Подождал. Потом вышел в Передний покой, прошёл в тесную мыленку, на неудобство коей так часто жаловалась княгиня. Здесь стоял медный рукомойник с лоханью под ним и большой кувшин для воды. Лохань ещё была полна, а рукомойник уж пуст. На его верху - мыло костромское белое, простое. И здесь же - душистое, грецкое. Рядом на гвозде утиральные мягкие полотенца. На поставчике маленькое зеркало в костяном станке. Гребёнки - роговая и из буйволовой кости. Щётка, обшитая медью.
– Юрьевна, Юрьевна!
– горестно повторял князь.
Воротился в передний покой. Здесь пол поскрипывал старой доской, настланной «в косяк». Утомлял взор потолок, обитый красной яловичной кожей, зато успокаивали стены под зелёным бархатом. Вся эта красота была создана по приезде княжеской семьи из Москвы в Звенигород. Пришлось перекладывать круглую печь из глиняного жжёного кирпича. По желанию самой княгини у печи, дверей и окон были повешены занавески.
Главное место в женином
А перед столом кресло точёное. На нём подушка, подложенная сафьяном, закрытая от пыли светло-зелёным сукном. В изножии лоскут песцовый.
Насмотревшись, прошёл в красный угол к иконам «Воскресения Христова», «Успения Богородицы», к образам Иоанна Предтечи, святителя Николая Чудотворца. Здесь он с княгиней часто и подолгу молился на сон грядущий, даже после совместных молитв в Крестовой.

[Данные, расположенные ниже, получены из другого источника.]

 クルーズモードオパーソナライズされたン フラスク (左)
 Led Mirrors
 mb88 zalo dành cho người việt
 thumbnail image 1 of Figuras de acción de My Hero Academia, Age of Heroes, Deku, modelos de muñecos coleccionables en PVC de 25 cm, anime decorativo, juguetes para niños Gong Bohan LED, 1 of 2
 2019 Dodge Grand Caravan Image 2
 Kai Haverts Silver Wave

На аналое - толковая Псалтирь, десять тетрадей из Святых Отцов, Апокалипсис в лицах. Настасьюшка любила перед сном непродолжительное святолепное чтение. Князь взял одну из тетрадей и вслух прочёл место, на которое упал взор:
– «Встань, о честная глава! От гроба твоего, встань, отряси сон! Несть бо умерла, но спеши до общего всем встания. Встань! Не умерла! Нелепо умереть, веруя во Христа - источника жизни всего мира! Отряси сон, возведи очи, чтоб видеть, какой чести Господь сподобил тебя на Небе, а на Земле оставил память о тебе сыновьям твоим».

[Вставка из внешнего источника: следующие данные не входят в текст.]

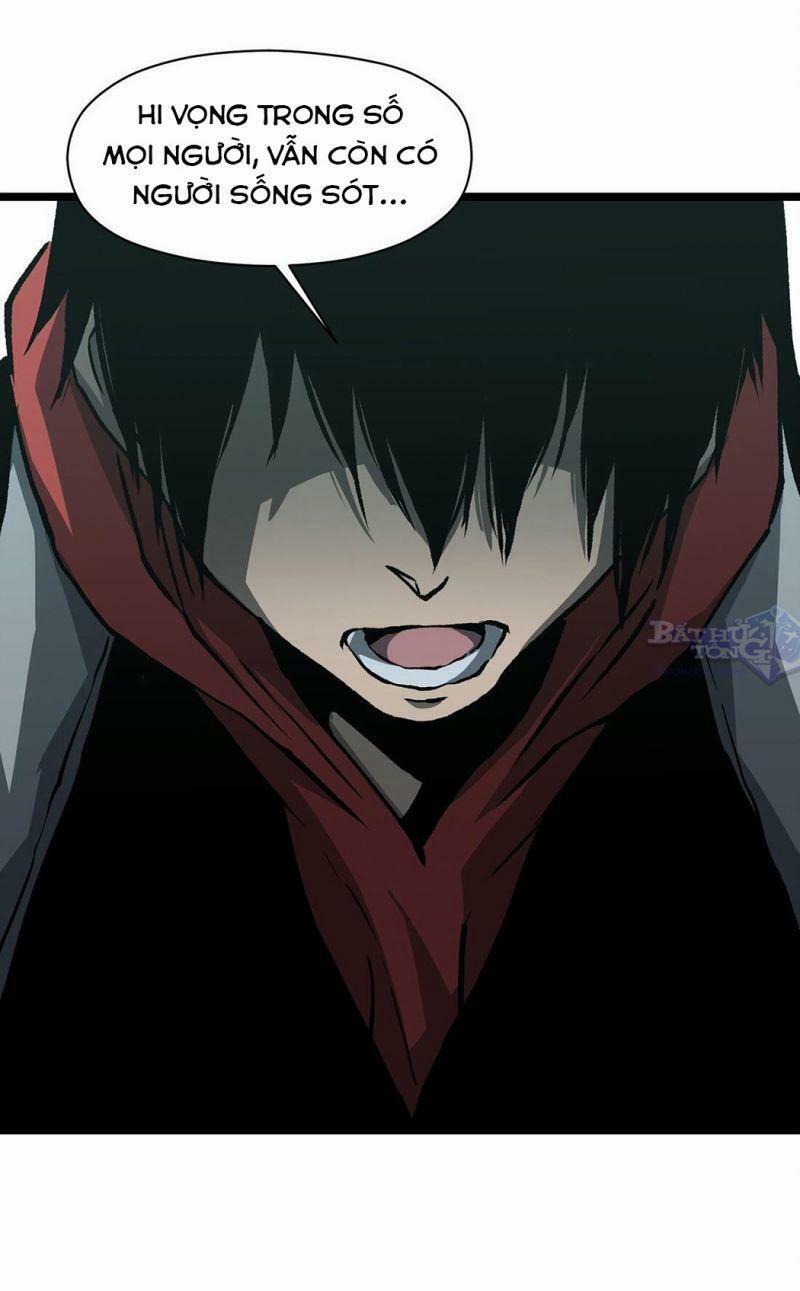 Ta Là Lão Đại Thời Tận Thế 41 trang 32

Князь покивал, соглашаясь с известным поучением древнерусского первосвятителя Илариона [105] , потом медленно, благоговейно закрыл тетрадь.
105
Иларион - митрополит Киевский с 1051 по 1053 гг.
– Любовь бессмертная!
– мучительно простёр он руку.
– Дай грешному осязать близость твою!
Осторожно, как сотканные из неземной материи, трогал князь предметы и вещи в покое Анастасии. Приблизился к ящику: высокому, покрытому флорентийским лаком, источающим чёрный блеск. Здесь хранилась вся одежда Анастасии. Юрий Дмитрич растворил дверцы. С нижней боковой полки взял снежной белизны порты из тонкой льняной ткани, с верхней - наручни для поддержания длинных рукавов платья. Пояс шерстяной, вязаный. Красную шёлковую нижнюю рубашку, украшенную жемчугом, в ней Настасьюшка провела с мужем первую брачную ночь. Нередко надевала и вот эту панёву из клетчатой пестряди, и летник из камки. Отдельно висит сизая шубка из дикого, то есть серо-голубого, бархата с золотым шитьём и венедицкой камкой. Как бы вернул времена жизни в Хлынове княгинин летник с широкими рукавами. Однако уже московские посещения златоверхого терема напомнил опашень из дорогой франкской ткани - скорлата.
И вдруг в трепетных руках князя оказалась та самая лисья душегрея. Та, к которой так часть припадал долгими зимними вечерами истомлённый суетной жизнью супруг. Тёплая была душегрея, успокоительно грели слова её обладательницы. И вот - мех холодный, теплота канула в небытие. Ужли не взойдёт, не наденет любимая свой привычный наряд? Князь, более не владея собой, затрясся в бурных рыданиях...
Затих, внезапно ощутив руку на плече. Судорожно оборотился... Младыш Дмитрий Красный глядел матунькиными очами.